Kendo and geometry: are we robots?




A geometrical explanation of arc from Wikipedia



I've mentioned this before at training and it may be difficult to grasp at first hearing, so I'll explain it here again for those curious.




The body doesn't like geometry


Most martial arts popular today are unarmed arts. They focus on one fighter using their body against an opponent to gain advantage. This means that it is two human bodies clashing. The human body is an organic, flexible thing, with precise ways it can move and precise ways it can't move. Understanding the difference is very important in arts like Aikido, Judo, Jujutsu and so on. Throws and locks involve one fighter wrapping (part of) their body around the opponent to unbalance or subdue.

In short, there are no absolutely straight lines. Unarmed fighters might talk about the "line of attack" but this is an abstract or imaginary concept like chushin. It is never a completely straight line. The human body doesn't ever fit a completely straight line.

Kendo, of course, is different.

We still have our bodies, which are human and flexible and hate straight lines. But we have our sword, which is perfectly straight, and this is where all the difficulty in kendo begins.


The geometry of kendo


For any attack to function properly in kendo, we have to move the sword according to its nature, not ours. We must think in terms of geometry, in lines, planes and arcs. This applies to both shinai, which is straight when seen from any angle, as well as bokuto and Nihonto (real sword), which are curved in side view but straight when seen from the top or bottom.

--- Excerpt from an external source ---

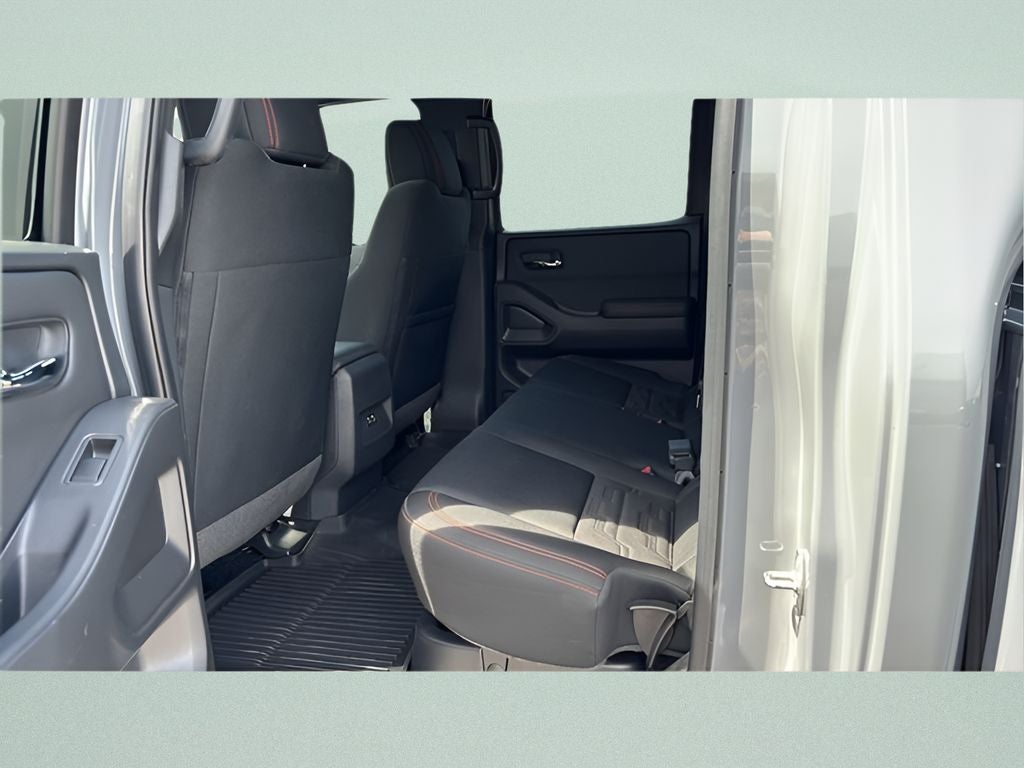 2023 Nissan Frontier Crew Cab PRO-4X 4x4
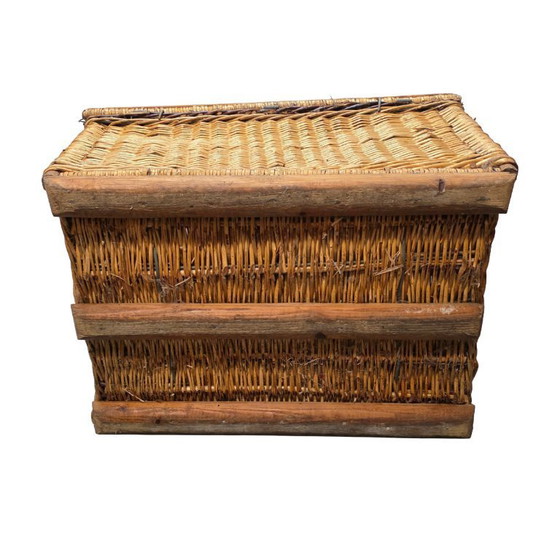 Image 1 of Oude grote Franse rieten mand, 1e helft 20e eeuw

The sword will only cut if it moves through the air perfectly straight. Any wobbles or wavering will mean the sword will either not cut properly or will bounce off the target. With the shinai this is seen when the cut slides off or glances the target area. For the cut to "stick", the downswing has to be geometrically straight, moving through a two dimensional plane. Actually it helps to think of the sword itself as a flat, two dimensional object, like a piece of paper, rather than a three dimensional object, which of course it is.


Making theory work


This is fairly easy to understand in theory, but much harder to put into practice. Even experienced kenshi can have difficulty with making every cut land properly. The reason for this is our bodies. We move in three dimensions very easily: up, down, sideways, in and out, around and around, often all at once! Our elbows are simple hinges that move in only two dimensions, but they are connected to shoulders that are ball-and-socket joints, so our arms can move in almost any direction.

But to be able to cut effectively with a sword the way we do in kendo, it would almost be better to have shoulders that were simple hinges which only allowed our arms to move up and down.




To be able to move in this mechanical way takes a lot of muscular training. In kendo, we call this kind of training suburi. It is only through lots of suburi that you can train your three dimensional, flexible body to move in a two-dimensional, robotic way.

Speaking of which, have a look at this video of a kendo robot built by a South Korean University. You might get a better idea of how the human body moves by watching the way the robot's arms and shoulders have been made.







It's not bad at kendo, but it does make the beginner's mistake of using too much right hand!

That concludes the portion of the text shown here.